When you think of a Daruma doll, it normally has glaring eyes with a mustache, but this one is more like Okiagari-koboshi made of hariko (paper mache) originated from Daruma Daishi, the master of Chinese Zen who is known for “facing the wall for nine years in meditation.” But when it comes to “Hime (princess),” the doll becomes a charm of good luck with a gentle ladylike figure.
The white painted face and lovely eyes and eyebrows, with the long nose and little puckered lips. The patterns on the vermilion and yellow layered kimono are pine, bamboo, and plum. The top of the head is decorated with gold foil, and the back is painted white with a drawing of Cintamani stone. Female daruma dolls are extremely rare, even when you look across the entire country.

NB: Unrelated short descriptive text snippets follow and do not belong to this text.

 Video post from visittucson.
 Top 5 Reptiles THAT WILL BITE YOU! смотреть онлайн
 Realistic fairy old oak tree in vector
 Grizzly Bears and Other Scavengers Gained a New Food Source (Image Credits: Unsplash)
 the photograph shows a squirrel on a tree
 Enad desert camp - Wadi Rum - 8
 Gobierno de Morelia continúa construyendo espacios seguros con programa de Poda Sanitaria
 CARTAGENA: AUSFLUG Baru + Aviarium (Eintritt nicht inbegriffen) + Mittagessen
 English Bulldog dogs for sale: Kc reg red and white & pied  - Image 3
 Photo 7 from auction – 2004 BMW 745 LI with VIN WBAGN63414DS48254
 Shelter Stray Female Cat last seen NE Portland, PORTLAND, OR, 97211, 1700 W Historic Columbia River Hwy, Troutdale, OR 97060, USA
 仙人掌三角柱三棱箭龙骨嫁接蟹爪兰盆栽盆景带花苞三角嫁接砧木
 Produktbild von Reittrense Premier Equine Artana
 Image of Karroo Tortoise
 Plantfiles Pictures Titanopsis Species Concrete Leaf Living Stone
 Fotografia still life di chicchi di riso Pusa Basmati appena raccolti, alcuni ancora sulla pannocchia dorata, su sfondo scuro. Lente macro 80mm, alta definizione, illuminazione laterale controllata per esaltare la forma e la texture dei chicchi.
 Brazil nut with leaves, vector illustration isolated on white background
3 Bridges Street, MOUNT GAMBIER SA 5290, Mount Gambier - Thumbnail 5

Up until the early Showa period, people called the Hime Daruma dolls “Nagekomi (things to throw in),” throwing them in each household on the night of the New Year’s Day. It’s the youngsters participating in the youth group who throw the dolls in. They go “Okyagari, Okyagari” throwing them while going around houses in the neighborhood. “Okyagari” means “Okiagari (getting up).” It means to “get up even when you fall,” where the family with the doll thrown in would be delighted to “welcome the good luck” in the next morning, whose head would decorate the doll on the Shinto altar in the house.
However, when the new Hime Daruma doll is thrown into the house for the next New Year, the old one is destined to be thrown into the fire of the Dondo Yaki Festival during the Koshogatsu (“Little New Year” on around the 15th of January).
These traditions vanished during the World War II, and the Hime Daruma dolls were no longer made. It was Tsuneto Gotou (deceased) from Taketa, who saw the great value in the dolls and reproduced them just as they were in the old days. The new tradition is passed down in the Gotou family to this day. However, back then it was called “Okiagari-sama (The getting up doll),” which only meant a Daruma doll. It was in 1956 when he named the doll “Hime Daruma.”
Now it is considered as a specialty handicraft of Oita, and is often kept as decoration for long. The dolls come in 7 sizes. The largest one is about 50 centimeters in height. During the time of “Nagekomi,” it is told that there were families that paid the youngsters to make sure they throw in a big one.